Each afternoon he took his pipe
and led his goats beyond the pasture
to a neighbor’s field behind his farm—
not exactly his but not exactly not.

As the goats clipped the tall grasses,
he sat in the chair he never failed
to bring. Sometimes he read, most often
not. The vetch climbed the goldenrod,

the dandelions turned from gold
to globe, and every day he went,
thinking to himself how good it was
to be almost but not entirely alone.

“A Life” by Michelle Y. Burke from Animal Purpose. © Ohio University Press, 2016. Reprinted with permission.  (buy now)

The Magna Carta — the “Great Charter” — was sealed on this date in 1215. England’s King John was facing a political crisis that was approaching civil war. England’s barons felt the Crown had gone too far in its taxation of the noblemen and the church, in order to pay a mercenary army and finance the Third Crusade. The barons drew up a list of grievances.

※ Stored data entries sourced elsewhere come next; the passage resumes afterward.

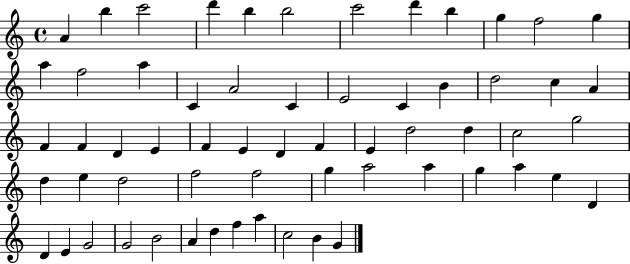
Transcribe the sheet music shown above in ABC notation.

X:1
T:Untitled
M:4/4
L:1/4
K:C
A b c'2 d' b b2 c'2 d' b g f2 g a f2 a C A2 C E2 C B d2 c A F F D E F E D F E d2 d c2 g2 d e d2 f2 f2 g a2 a g a e D D E G2 G2 B2 A d f a c2 B G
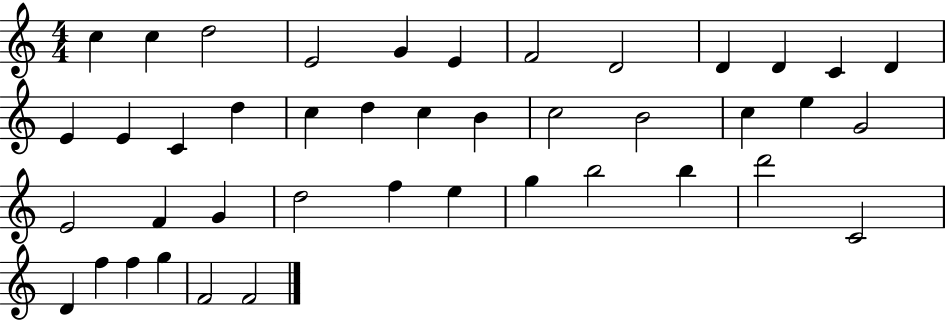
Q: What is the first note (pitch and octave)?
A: C5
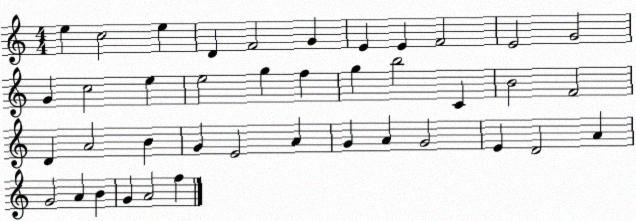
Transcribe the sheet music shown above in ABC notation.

X:1
T:Untitled
M:4/4
L:1/4
K:C
e c2 e D F2 G E E F2 E2 G2 G c2 e e2 g f g b2 C B2 F2 D A2 B G E2 A G A G2 E D2 A G2 A B G A2 f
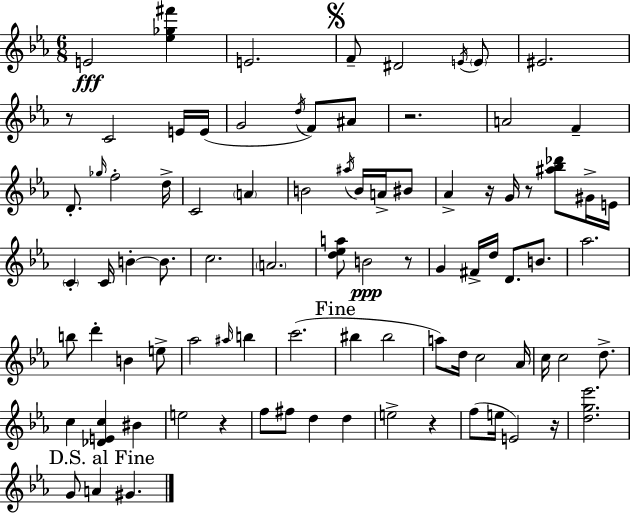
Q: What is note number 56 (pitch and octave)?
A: D5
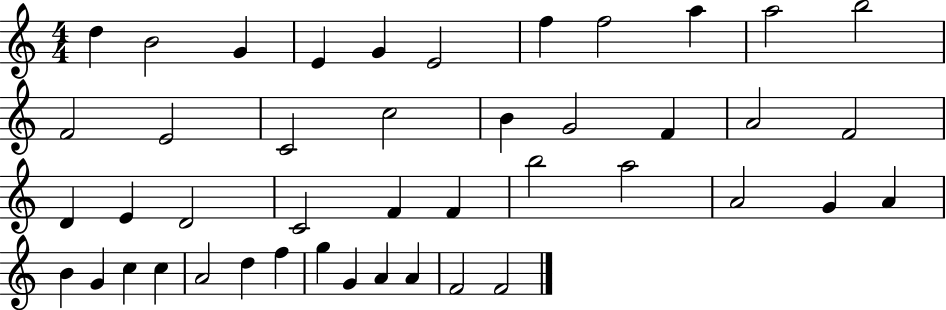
D5/q B4/h G4/q E4/q G4/q E4/h F5/q F5/h A5/q A5/h B5/h F4/h E4/h C4/h C5/h B4/q G4/h F4/q A4/h F4/h D4/q E4/q D4/h C4/h F4/q F4/q B5/h A5/h A4/h G4/q A4/q B4/q G4/q C5/q C5/q A4/h D5/q F5/q G5/q G4/q A4/q A4/q F4/h F4/h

Most of the document dealt with those specific complaints, but there were also some revolutionary ideas in the charter — including the idea that the king should be subject to the same law as everyone else in the land. Other kings had granted charters, but John was the first one to be forced into it. He met with the barons under a yew tree in the meadow of Runnymede, near the River Thames, and there placed his seal on the charter.

John had no intention of upholding the Magna Carta as written, and he wasted no time in heavily editing it. As a peace treaty of sorts, it failed. But it opened up a dialogue about the proper relationship between a monarch and his subjects. Over the centuries, much of it has been repealed, but a few of the clauses remain as a cornerstone of British law — particularly the third clause, which states: “No free man shall be seized or imprisoned, or stripped of his rights or possessions, or outlawed or exiled, or deprived of his standing in any other way, nor will we proceed with force against him, or send others to do so, except by the lawful judgement of his equals or by the law of the land.”

The influence of the Magna Carta and its core principles can be seen in the United States Bill of Rights (1791); the Universal Declaration of Human Rights (1948); the European Convention on Human Rights (1950); and the constitutions of many modern nations. Four copies of the original charter remain.

On this day in 1752, Benjamin Franklin is believed to have performed his famous kite experiment and proved that lightning is electricity. He tied the kite to a silk string with an iron key on the end of the string. From the key, he ran a wire into a Leyden jar, a container that stored electrical charge. He then tied a silk ribbon to the key, which he held onto from inside a shed, to keep it dry. The electrical charge from the storm overhead passed through the key and into the Leyden jar.

Franklin, as it turns out, was lucky to have conducted this experiment safely. Several others who attempted it after him were electrocuted. He used the information he gained to design lightning rods, which conducted a storm’s electrical charge safely into the ground. One of Franklin’s lightning rods saved his own house years later, during a storm.

Although Franklin described his kite endeavor in a letter later that fall, the full account of the experiment wasn’t written down until 15 years after the fact by a man who wasn’t even present: Joseph Priestly. However, he wrote it after detailed correspondence with Franklin, so his account is generally believed to be reliable.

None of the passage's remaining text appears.